#### PROBLEM DETAILS
Keep every word of the listing and reproduce it exactly, but set aside any image found there.

#### PROVIDED DATA
↓
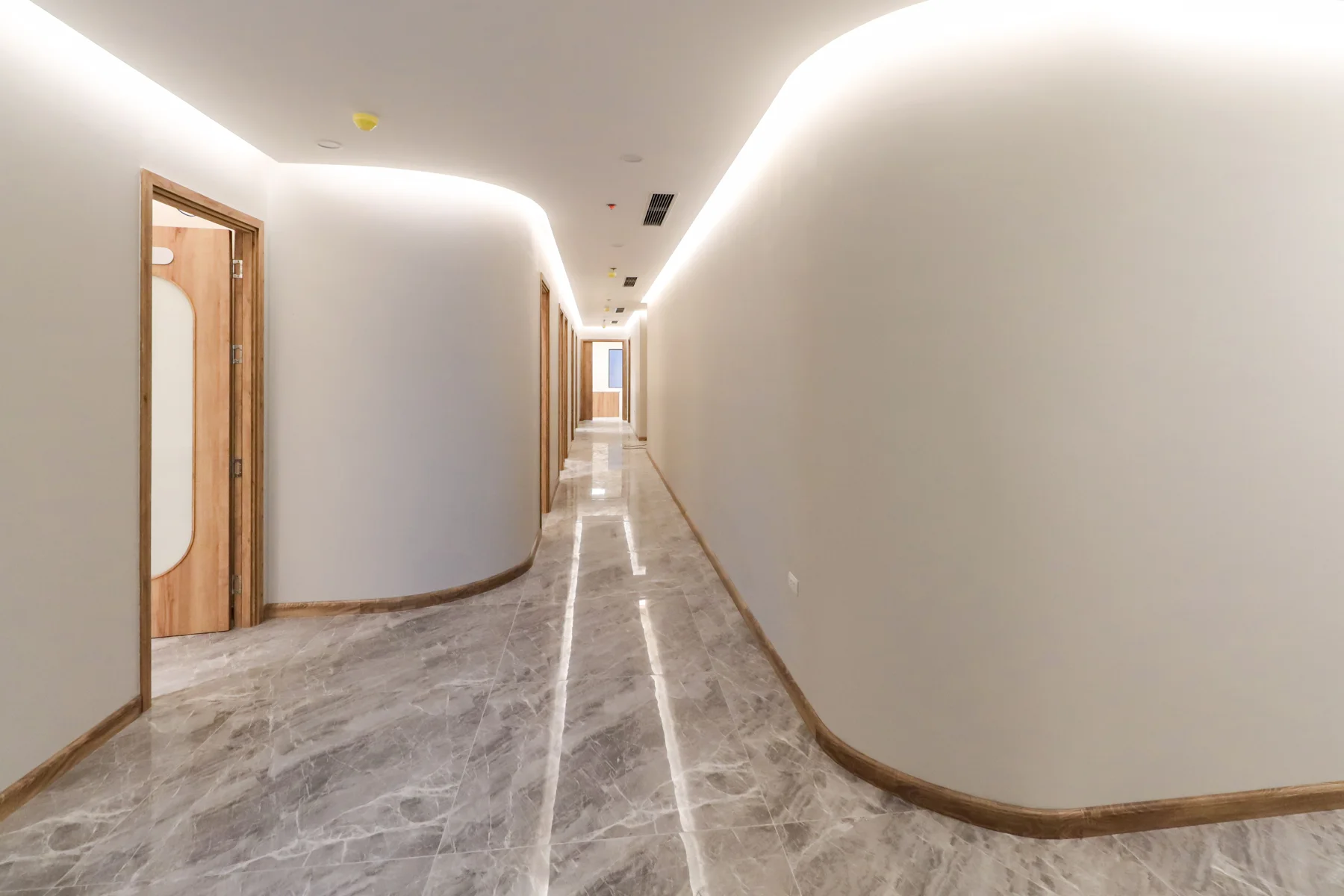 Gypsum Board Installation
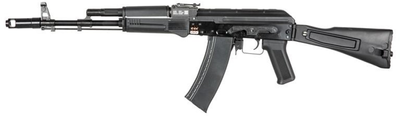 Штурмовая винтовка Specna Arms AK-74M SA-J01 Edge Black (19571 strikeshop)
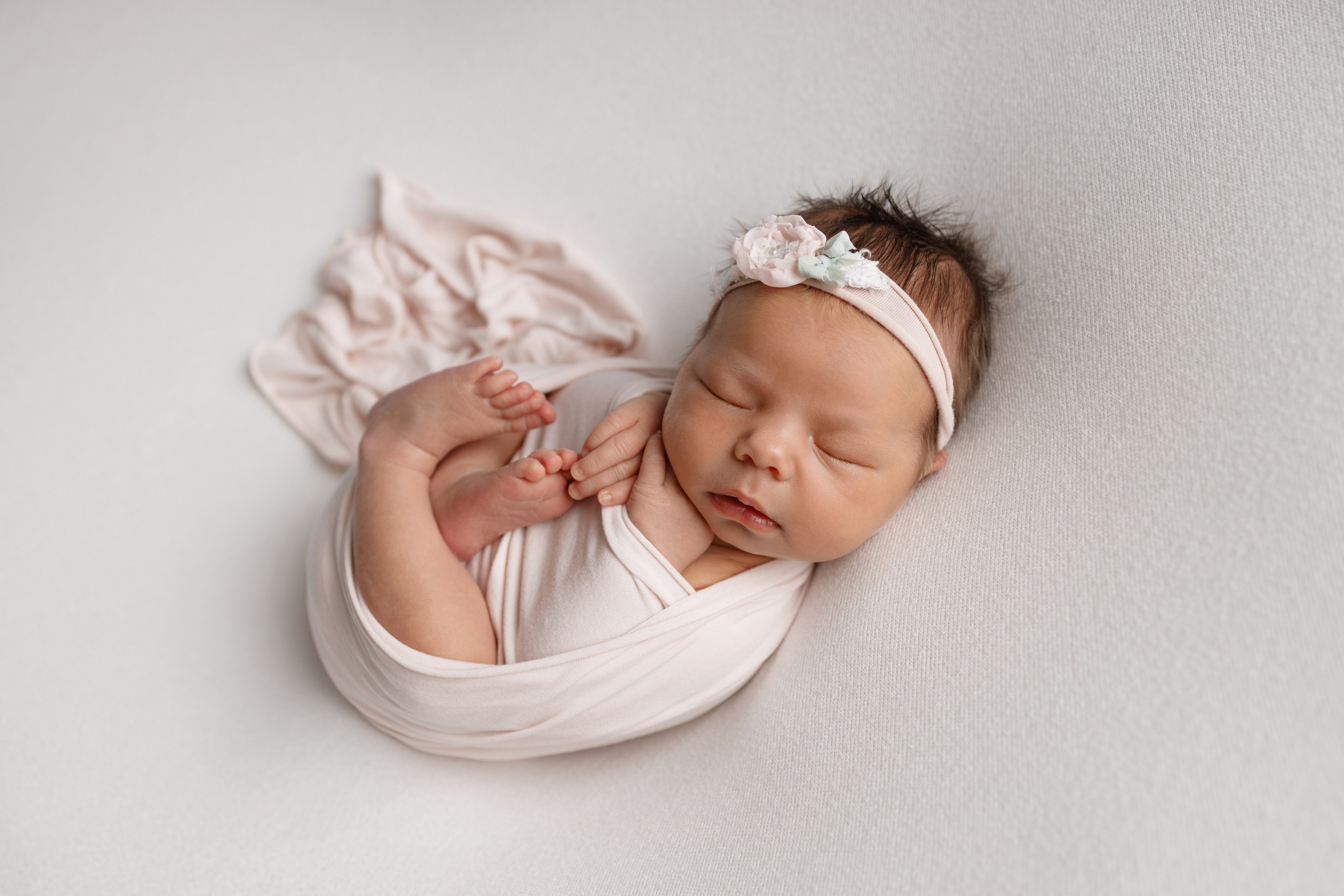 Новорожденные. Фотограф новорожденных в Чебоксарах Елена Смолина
↑
#### OUTPUT FOR THIS EXERCISE
 Gypsum Board Installation
 Штурмовая винтовка Specna Arms AK-74M SA-J01 Edge Black (19571 strikeshop)
 Новорожденные. Фотограф новорожденных в Чебоксарах Елена Смолина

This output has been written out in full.